There is a dichotomy as intermediary firms are desperately keen to see remortgage activity increase, yet a rise in rates could precipitate widespread payment problems among mortgage borrowers, which the Government must avoid.
Not for the first time, Martin Weale of the Bank of England monetary policy committee has gone out on a limb, urging his fellow members to vote for an immediate quarter-point rise.
In a speech to MPC members on June 13, Weale suggested that a rise in interest rates now would prevent more “aggressive tightening” further down the road.
Inflation has now been more than twice the bank’s 2 per cent target for 51 months and Weale predicts that, without action, we will see inflation rise above 5 per cent before the end of the year.
In theory, a base rate rise would relieve inflationary pressure but my view is that an immediate hike could choke our weak economy. I agree with one industry guru who recently stated: “With no tax rises and no wage growth, there is no excess in the system to warrant an immediate hike. The change in gear would be superficial.”
Many folk in our sector cannot wait for a rise and I must admit it could stimulate demand for mortgage advice, which appeals. I have sympathy with Precise’s Alan Cleary who states: “The current BBR at 0.5 per cent is not sustainable, so in order to get us back nearer to the long-term average, a 0.25 per cent rise early should be tolerable.”
A counter view is that if the MPC conceded a rise to rates now, it admits its initial economic analysis was flawed. Stephen Lewis, economist at Monument Securities, asks if a rate increase was not justified last year when economic demand appeared to be rising, why should it be justified now that demand is slowing down alarmingly?

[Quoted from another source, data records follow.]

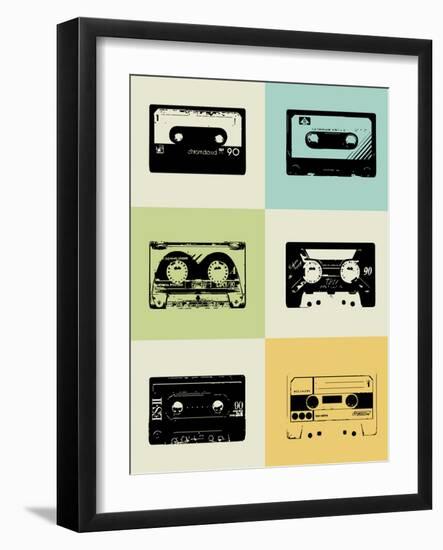 Mix Tape Poster-NaxArt-Framed Art Print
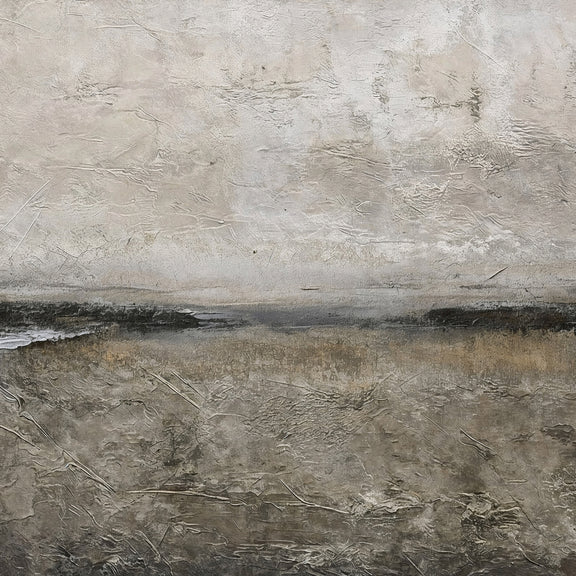 AK-51 Textured Grey Modern Minimalist Abstract Art Print - Sage and Rose Prints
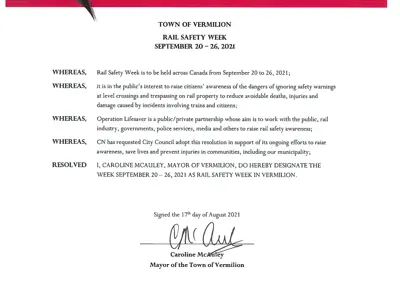2021 Rail Safety Week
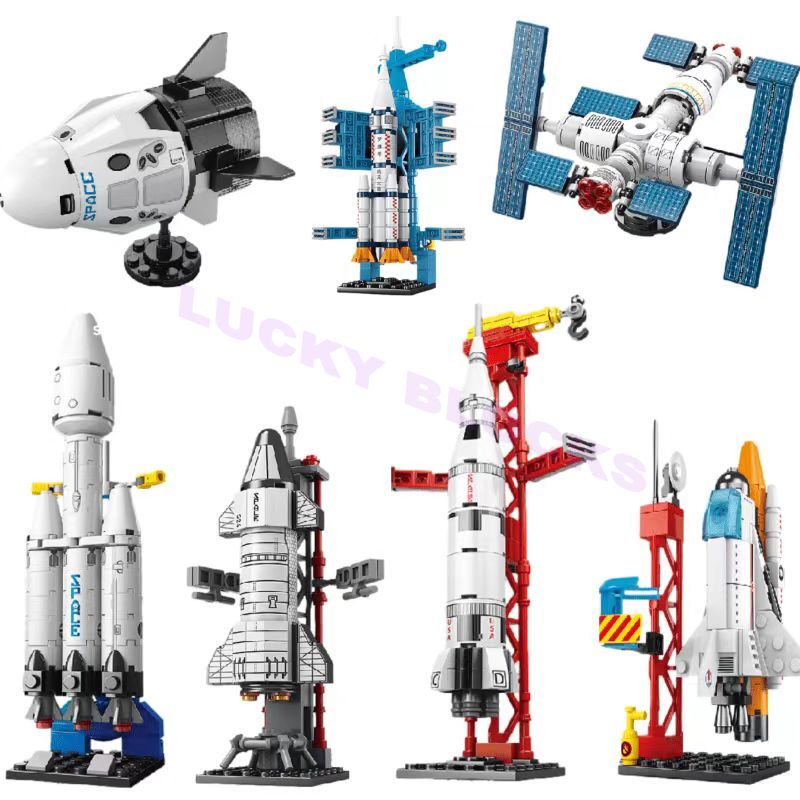 Bộ Đồ Chơi lego 5 Mảnh Hình Tàu Không Gian Vũ Trụ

It is difficult to understand why two out of the nine MPC members are pushing for immediate action. Has media and public pressure spooked them so much they feel forced to act? Does the MPC really think consumers will thank it for higher mortgage payments while the cost of living remains so high, especially given that Legal & General Investment Management’s current figures suggest 90 per cent of borrowers are currently on a variable mortgage rate, compared with just 60 per cent in 2007.
For now, consumers can be thankful the majority of MPC members are keen to stand firm with the decision to hold the rate at 0.5 per cent, even if that results in fewer transactions.
Until such a time that a rate rise is a practical solution, intermediaries should nonetheless continue to enjoy steadily increasing new business from those looking to take advantage of rates that remain at a record low. Despite current BBR consistency, we must not ignore our key responsibility to remind borrowers that rates will eventually return to more normal levels, probably in the region of 5 per cent.
Bank rate rise or no base rate rise, consumers continue to need our advice and are well placed to eradicate the risk of rate shock by grabbing a sensibly priced deal while they can.